John W. Backus, who assembled and led the IBM team that created FORTRAN, died on Saturday at his home in Ashland, Ore. He was 82. His contribution to Education IT is enormous -- yet that contribution is barely recognized today.
Written by Marc Wagner, Contributor

The headline reads John W. Backus, 82, Fortran developer, dies.  May he rest in peace. 

FORTRAN, short for "formula translator", was developed in 1957 and fifty years later, it is still of immeasurable value to researchers at universities all over the world. 

Today, we think of Education IT as that group within a school or university which provides workstations and network infrastructure for student use.  In truth, Education IT -- especially at the university level -- is a great deal more than that.

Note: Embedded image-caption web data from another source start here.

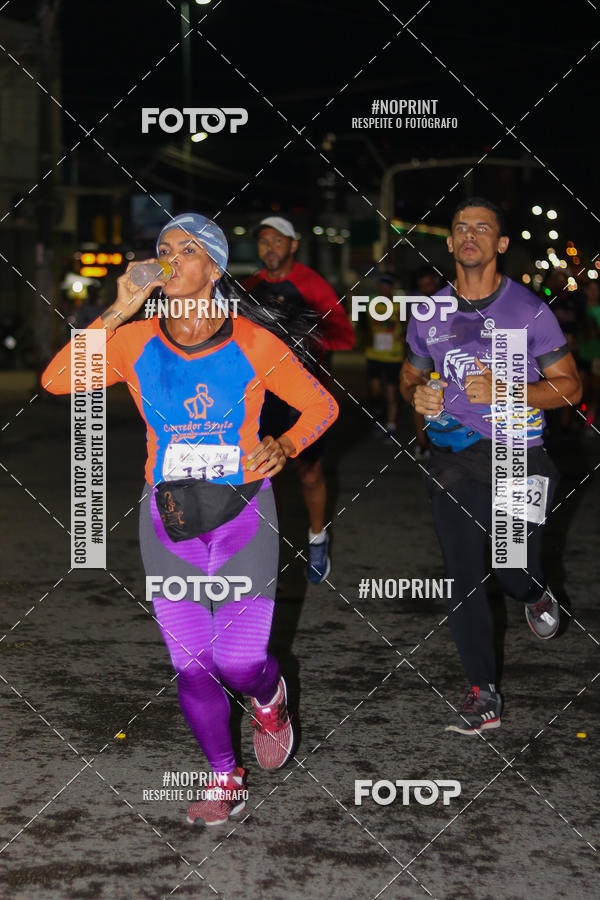 Compre suas fotos do evento3� PAULISTA NORTH WAY NIGHT RUN no Fotop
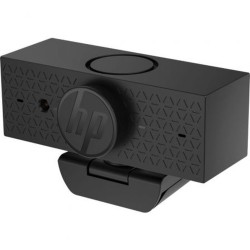 Webcam HP 6Y7L1AA (MPN M0509452)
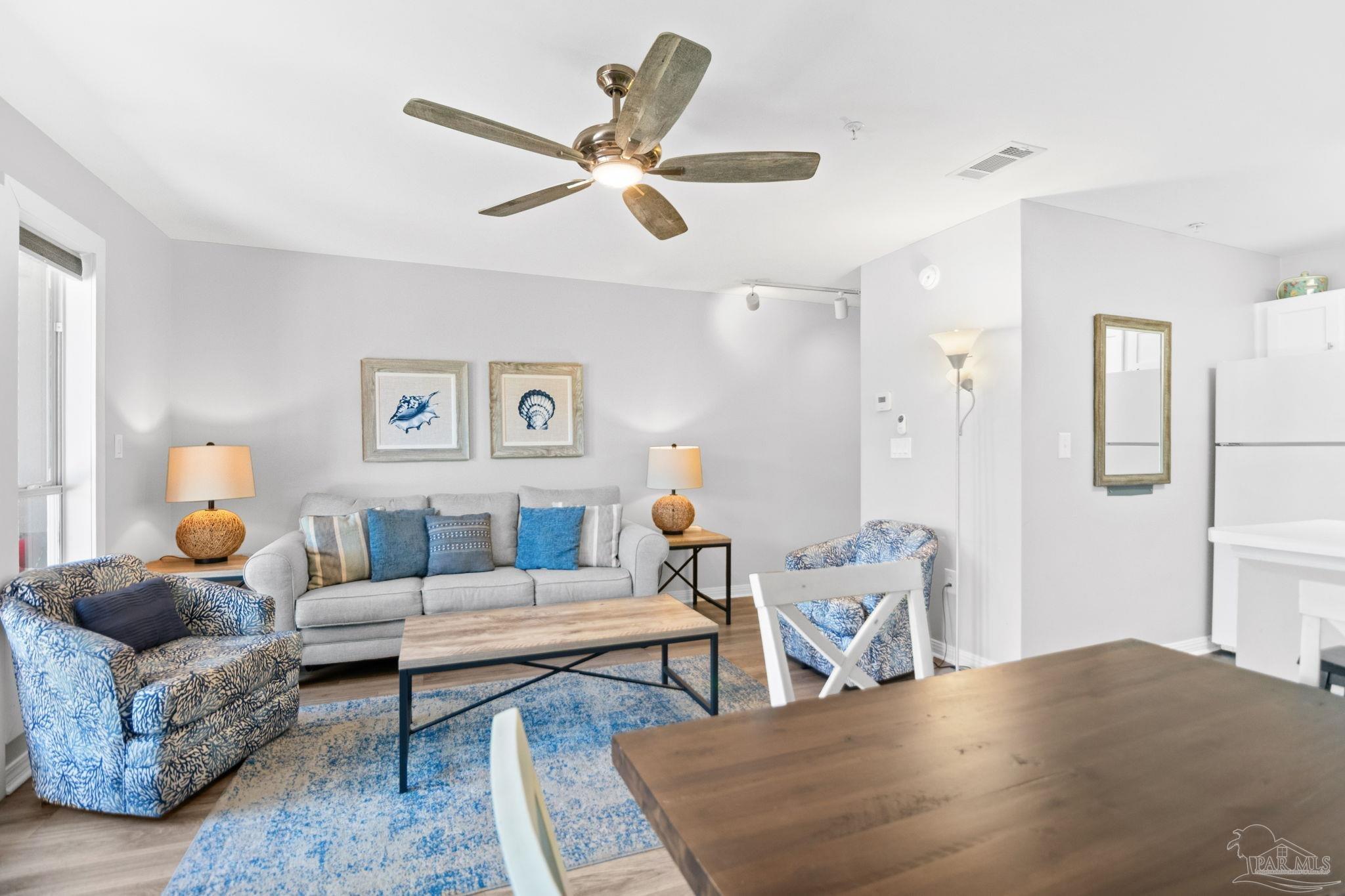 13351 Johnson Beach Rd # 106e Perdido Key FL 32507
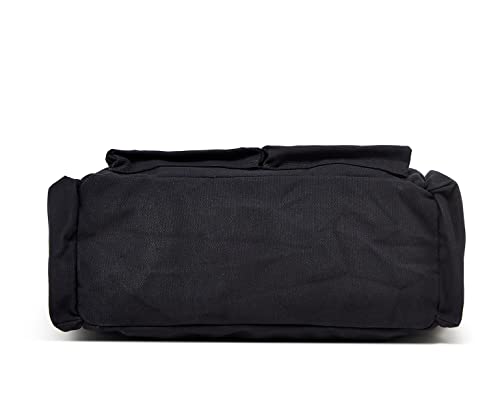 Bolso Tote Grande de Lona con Múltiples Bolsillos para Hombre y Mujer miniatura 7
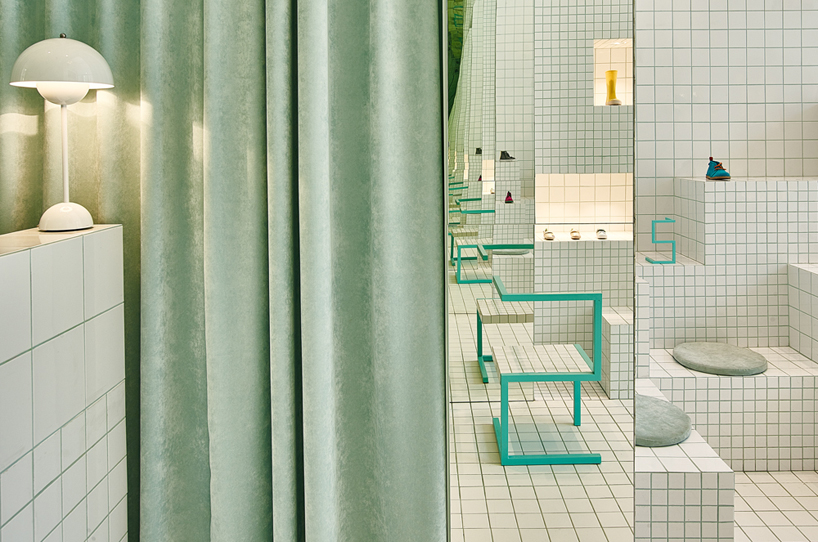 little-shoes-shop-nabito-architects-barcelona-designboom-02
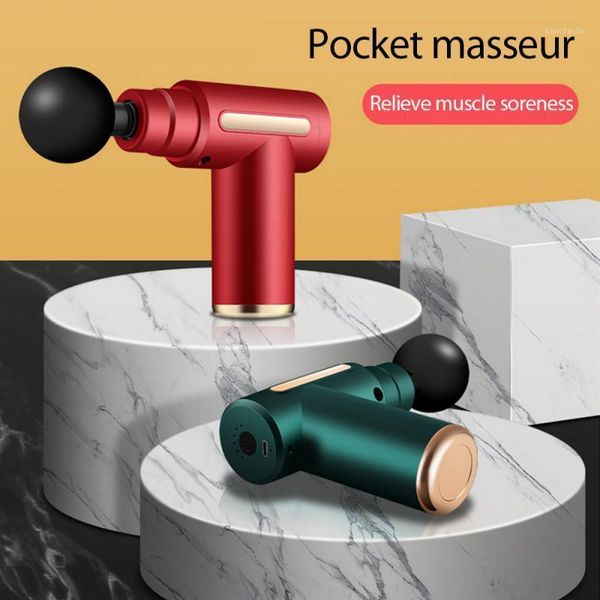 accessories oemmini cross-border massage gun mini electric portable muscle meridian health sports fitness equipment fascia drop1
accessories oemmini cross-border massage gun mini electric portable muscle meridian health sports fitness equipment fascia drop1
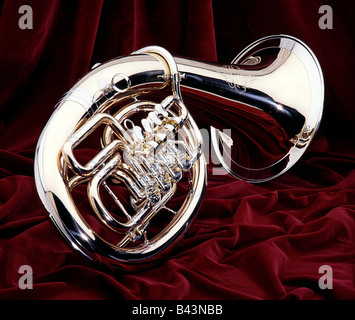 Musik, Instrumente, Rohr, Additional-Rights - Clearance-Info - Not-Available Stockfoto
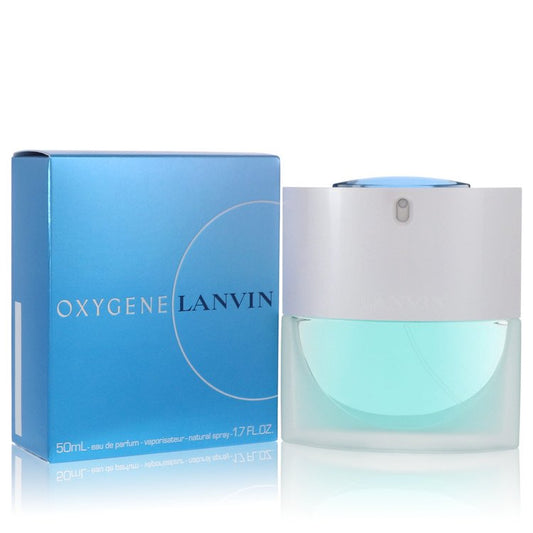 Oxygene, Eau de Parfum by Lanvin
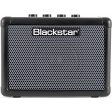 Blackstar Fly 3 Mini Bass Amp Sale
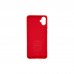 Чохол до мобільного телефона Armorstandart ICON Case Samsung A05 (A055) Red (ARM71803)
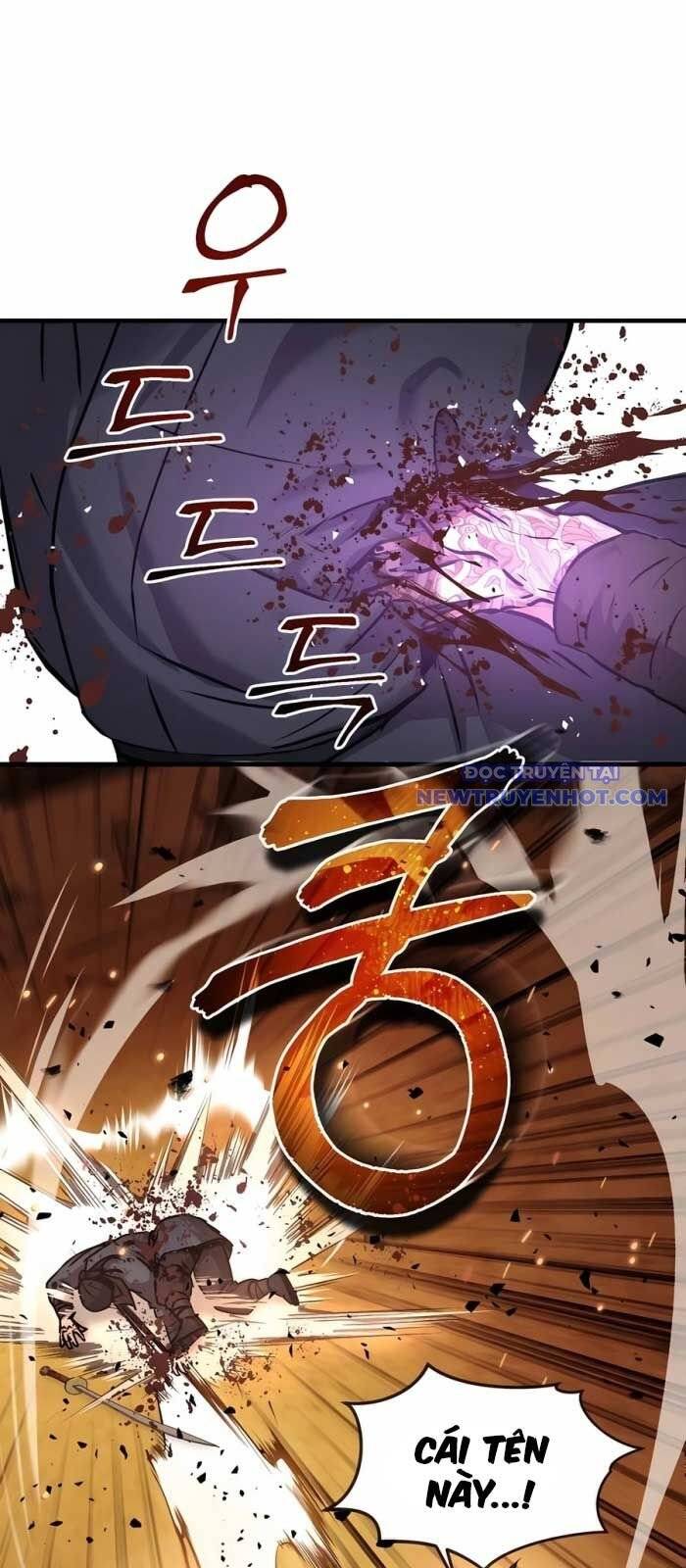 Tuyệt Thế Quân Lâm - Chapter 26 - Page 17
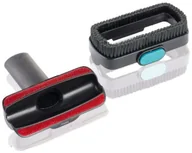 Akcesoria do odkurzaczy - LEIFHEIT 2in1 nozzle Regulus PowerVac 2in1 4006501891570 - miniaturka - grafika 1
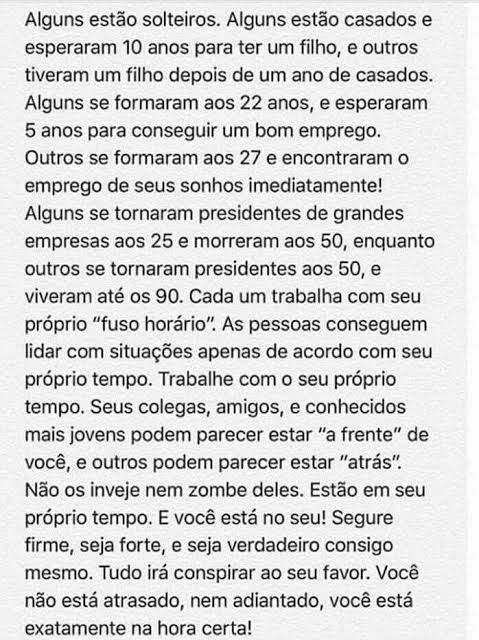 [Image: images?q=tbn%3AANd9GcSQB-UdC77dvHP2lXjNL...pyAYYVcig-]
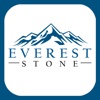 Everest Stone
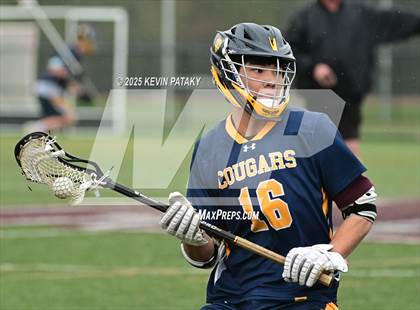 Thumbnail 3 in Haddam-Killingworth @ North Haven photogallery.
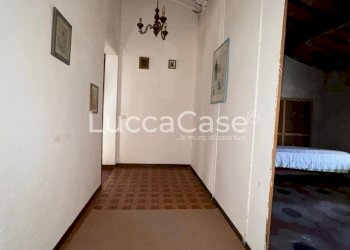 Semi-detached house Lucca - photo 29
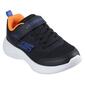 Big Boys Skechers Selectors Reset Achieved Athletic Sneakers - image 1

The very first university computers were research computers -- often under the control of a small handful of 'experts' in a single discipline with a very specific need.  For instance, our computer center is named after an astronomer who pioneered computing on our campus.  He probably used the computer for calculating the orbits of asteroids for the Minor Planets Center.  There are still a handful of chemists on campus that remember those days and have their own 'war stories'. 

I've heard some of those stories -- about the IBM 650 in the basement of the Library with 60 words of core memory, 10 of which was reserved for the OS (such as it was).  Hollerith punch cards, EDCIDIC codes, and drum storage, with 50 words per track was all you had -- and, of course, cabinets full of vacuum tubes and blinking lights. 

FORTRAN represented the first shift away from the 'computer scientist' and toward the computer user -- who, in those days was a scientist in his own field of expertise.  No longer was computing limited to people who could make sense out of strings of ones and zeros -- or even those who could read assembler and keep track of registers loaded and operated on using post-fix notation (also known as 'Reverse Polish Notation' -- after the Polish mathematician who invented it). 

FORTRAN made it possible for most anyone with an understanding of mathematics to construct programs to address most any problem that can be represented mathematically.  As in its day, today FORTRAN is used for any re-iterative mathematical process which converges on a solution over an extended period of time. 

Despite its age, FORTRAN continues to be extremely valuable for these kinds of problems -- in large part because of its simple yet powerful instruction set with which virtually any data structure can be constructed. 

Unlike most other disciplines, due to the complexity of their research, fields of science and engineering continue to value the raw computing power accessible through FORTRAN more than the convenience (and built-in inefficiencies) found in other high-level programming languages. 

Thank you, John Backus, on behalf of researchers everywhere.